**TO DO:** Take the records below from their first line to the line with "Clownfish Anemonefish Fishes", and restate those lines word for word.
== EXERCISE MATERIALS ==
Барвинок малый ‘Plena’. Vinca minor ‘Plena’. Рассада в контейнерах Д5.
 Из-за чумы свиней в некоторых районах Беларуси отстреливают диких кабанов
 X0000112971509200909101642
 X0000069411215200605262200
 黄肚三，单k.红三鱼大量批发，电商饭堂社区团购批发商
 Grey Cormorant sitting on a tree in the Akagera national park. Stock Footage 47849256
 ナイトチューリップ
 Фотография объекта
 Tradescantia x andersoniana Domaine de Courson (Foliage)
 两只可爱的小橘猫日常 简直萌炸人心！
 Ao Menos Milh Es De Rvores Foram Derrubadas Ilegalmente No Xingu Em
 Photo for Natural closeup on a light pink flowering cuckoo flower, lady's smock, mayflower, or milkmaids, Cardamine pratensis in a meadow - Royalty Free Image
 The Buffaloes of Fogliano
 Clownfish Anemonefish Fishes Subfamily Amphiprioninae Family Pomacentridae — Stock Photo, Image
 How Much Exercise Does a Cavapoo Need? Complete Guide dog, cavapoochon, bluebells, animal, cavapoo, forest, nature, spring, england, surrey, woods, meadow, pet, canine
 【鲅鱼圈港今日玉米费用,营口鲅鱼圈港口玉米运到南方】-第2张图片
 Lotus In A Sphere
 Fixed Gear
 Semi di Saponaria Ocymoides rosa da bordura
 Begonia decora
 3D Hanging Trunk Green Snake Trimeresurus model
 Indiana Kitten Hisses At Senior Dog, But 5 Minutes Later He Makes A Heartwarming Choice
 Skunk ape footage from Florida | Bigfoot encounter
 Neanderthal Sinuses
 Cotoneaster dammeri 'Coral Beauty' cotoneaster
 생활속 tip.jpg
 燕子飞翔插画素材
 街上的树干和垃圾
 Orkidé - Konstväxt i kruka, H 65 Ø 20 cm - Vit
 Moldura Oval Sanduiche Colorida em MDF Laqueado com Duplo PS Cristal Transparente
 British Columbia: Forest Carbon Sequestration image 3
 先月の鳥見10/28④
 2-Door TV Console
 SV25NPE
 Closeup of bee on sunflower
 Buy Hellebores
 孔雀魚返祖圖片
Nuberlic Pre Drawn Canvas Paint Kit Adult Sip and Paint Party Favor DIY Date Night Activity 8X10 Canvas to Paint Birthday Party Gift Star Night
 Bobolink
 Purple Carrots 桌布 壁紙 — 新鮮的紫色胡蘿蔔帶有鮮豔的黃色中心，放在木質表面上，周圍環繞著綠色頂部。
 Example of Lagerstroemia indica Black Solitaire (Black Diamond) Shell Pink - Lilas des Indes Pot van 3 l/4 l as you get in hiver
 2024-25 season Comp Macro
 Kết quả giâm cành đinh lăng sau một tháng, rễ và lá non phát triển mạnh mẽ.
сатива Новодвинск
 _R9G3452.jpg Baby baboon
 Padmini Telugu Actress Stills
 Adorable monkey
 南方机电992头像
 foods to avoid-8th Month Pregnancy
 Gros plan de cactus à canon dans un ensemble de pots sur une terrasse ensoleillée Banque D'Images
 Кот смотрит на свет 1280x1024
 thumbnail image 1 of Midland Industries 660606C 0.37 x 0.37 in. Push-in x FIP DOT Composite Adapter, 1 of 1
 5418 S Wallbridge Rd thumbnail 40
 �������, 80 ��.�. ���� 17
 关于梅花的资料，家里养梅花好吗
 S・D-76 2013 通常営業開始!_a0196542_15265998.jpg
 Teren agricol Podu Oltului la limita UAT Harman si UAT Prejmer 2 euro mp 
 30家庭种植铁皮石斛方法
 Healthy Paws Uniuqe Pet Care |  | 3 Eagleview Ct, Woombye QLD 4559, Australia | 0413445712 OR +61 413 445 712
===
**REPLY TO THE EXERCISE:**
Барвинок малый ‘Plena’. Vinca minor ‘Plena’. Рассада в контейнерах Д5.
 Из-за чумы свиней в некоторых районах Беларуси отстреливают диких кабанов
 X0000112971509200909101642
 X0000069411215200605262200
 黄肚三，单k.红三鱼大量批发，电商饭堂社区团购批发商
 Grey Cormorant sitting on a tree in the Akagera national park. Stock Footage 47849256
 ナイトチューリップ
 Фотография объекта
 Tradescantia x andersoniana Domaine de Courson (Foliage)
 两只可爱的小橘猫日常 简直萌炸人心！
 Ao Menos Milh Es De Rvores Foram Derrubadas Ilegalmente No Xingu Em
 Photo for Natural closeup on a light pink flowering cuckoo flower, lady's smock, mayflower, or milkmaids, Cardamine pratensis in a meadow - Royalty Free Image
 The Buffaloes of Fogliano
 Clownfish Anemonefish Fishes Subfamily Amphiprioninae Family Pomacentridae — Stock Photo, Image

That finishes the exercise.